**DATASET SECTION**
━━━━━━━━━━━━━━━━━━━━━━━━━━━━━━
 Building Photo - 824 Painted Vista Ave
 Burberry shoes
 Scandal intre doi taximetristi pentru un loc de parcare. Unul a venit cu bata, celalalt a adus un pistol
━━━━━━━━━━━━━━━━━━━━━━━━━━━━━━
**ACTIVITY**
Output exactly the lines from the one with "Burberry shoes" through the final line of the listing above.

**REPLY TO THE TASK**
 Burberry shoes
 Scandal intre doi taximetristi pentru un loc de parcare. Unul a venit cu bata, celalalt a adus un pistol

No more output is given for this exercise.